Berikutnya, Dahnil mengatakan Prabowo akan mendengarkan apa yang diinginkan masyarakat terkait hasil pilpres nanti. Prabowo, kata dia, menyatakan siap berjuang bersama masyarakat.

“Apa yang kami lakukan upaya mencari keadilan secara politik, kami serahkan pada masyarakat. Pak Prabowo akan ikuti suara rakyat,” kata Dahnil.

Dahnil mengatakan, kubu Prabowo-Sandiaga tak akan membawa sengketa hasil pilpres ke Mahkamah Konstitusi lantaran telah kehilangan kepercayaan kepada hukum. Dia menyebut telah terjadi makar terhadap hukum secara masif.

“Hukum itu diinterpretasikan oleh siapa yang paling kuat,” kata mantan Ketua Umum Pengurus Pusat Pemuda Muhammadiyah ini.

Dahnil berujar BPN saat ini masih mencermati perkembangan dalam proses Pemilu 2019 yang masih berlangsung. Namun dia tak menjawab rinci saat ditanya langkah konkret apa yang kemudian akan ditempuh kubunya menyikapi hasil pilpres yang akan diumumkan Komisi Pemilihan Umum 22 Mei nanti.

Dahnil juga tak berkomentar banyak soal narasi aksi people power, yang belakangan diganti menjadi kedaulatan rakyat, yang digaungkan sejumlah pendukung Prabowo-Sandiaga. Dia tak menjawab saat ditanya apakah Prabowo akan ikut aksi itu. “Itu hak rakyat,” kata dia.

Dahnil mengimbuhkan, Prabowo mengimbau agar masyarakat tak melakukan kekerasan kalau pun nantinya ada aksi massa turun ke jalan. Dia mengatakan keliru jika ada yang menganggap aksi kedaulatan rakyat atau people power gerakan berbahaya.

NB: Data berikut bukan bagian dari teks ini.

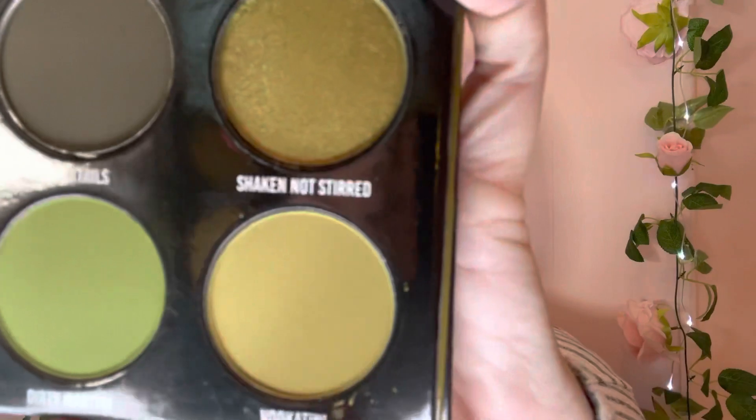To start things off, I'm going to go in with this shade called Vodka Teeny using an E2 brush by Blinged Brushes and just stamp that into the crease. Then I'm going to take a fluffy brush and blend out those harsh edges.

“Yang jelas seperti disampaikan Pak Prabowo, kalau ada gerakan kedaulatan rakyat harus tetap nonviolence,” ucap Dahnil.

KPU Bantah Pemilu Curang

Tudingan soal pemilu curang berkali-kali dibantah KPU. Ketua KPU Arif Budiman mengatakan adanya tuduhan curang dan tidak adil yang ditujukan kepada KPU itu sangat menyesakkan. “Agak lelah karena bolak-balik dituduh curang dan tidak adil,” kata Arif dalam Seminar Nasional “Prospek Demokrasi Elektoral Indonesia Dalam Penyelenggaraan Pemilu 2019″ di Semarang, Selasa, 19 Maret 2019.

Menurut Arif Budiman, pekerjaan KPU dalam menyiapkan Pemilu 2019 sudah sangat menumpuk. Jadi, “Mikir curang saja saya sudah tidak sempat.”

Adapun menurut calon presiden inkumben Joko Widodo, jika Prabowo merasa ada kecurangan maka yang seharusnya dilakukan adalah lapor ke pihak yang berwenang. “Kalau ada kecurangan ke Bawaslu, kalau sengketa yang lebih besar ke MK (Mahkamah Konstitusi). Mekanisme itu sudah diatur,” ujarnya.

Jokowi meminta masyarakat mau mengikuti mekanisme yang ada terkait Pemilu 2019. Alasannya penyelenggaraan Pemilu di Indonesia sudah jelas aturan mainnya. “Konstitusinya jelas, undang-undangnya jelas, aturan hukumnya jelas, ya ikuti,” kata dia.